[What this task involves] The expected output is each line from the one containing "9 Osprey Drive, N Topsail Beach, NC 28460" to the last line of the data below, set down exactly, minus the pictures.

[Provided material]
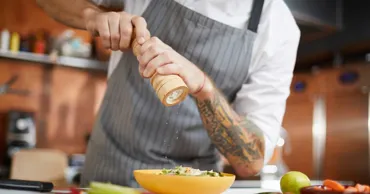 Studiu: Excesul de sare din dietă modifică creierul și crește anxietatea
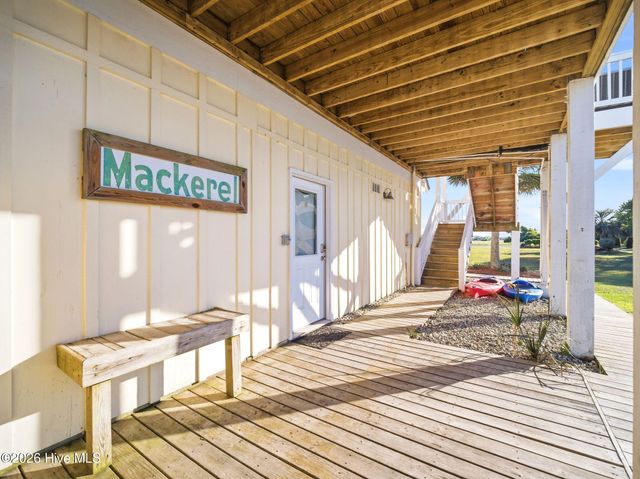 9 Osprey Drive, N Topsail Beach, NC 28460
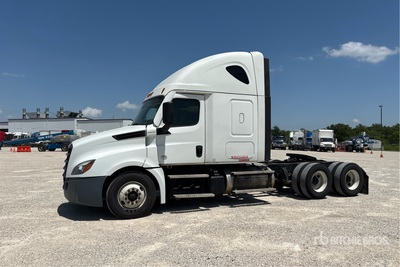 2023 Freightliner Cascadia 126 6x4 T/A Sleeper Truck Tractor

[Solution to the exercise]
 9 Osprey Drive, N Topsail Beach, NC 28460
 2023 Freightliner Cascadia 126 6x4 T/A Sleeper Truck Tractor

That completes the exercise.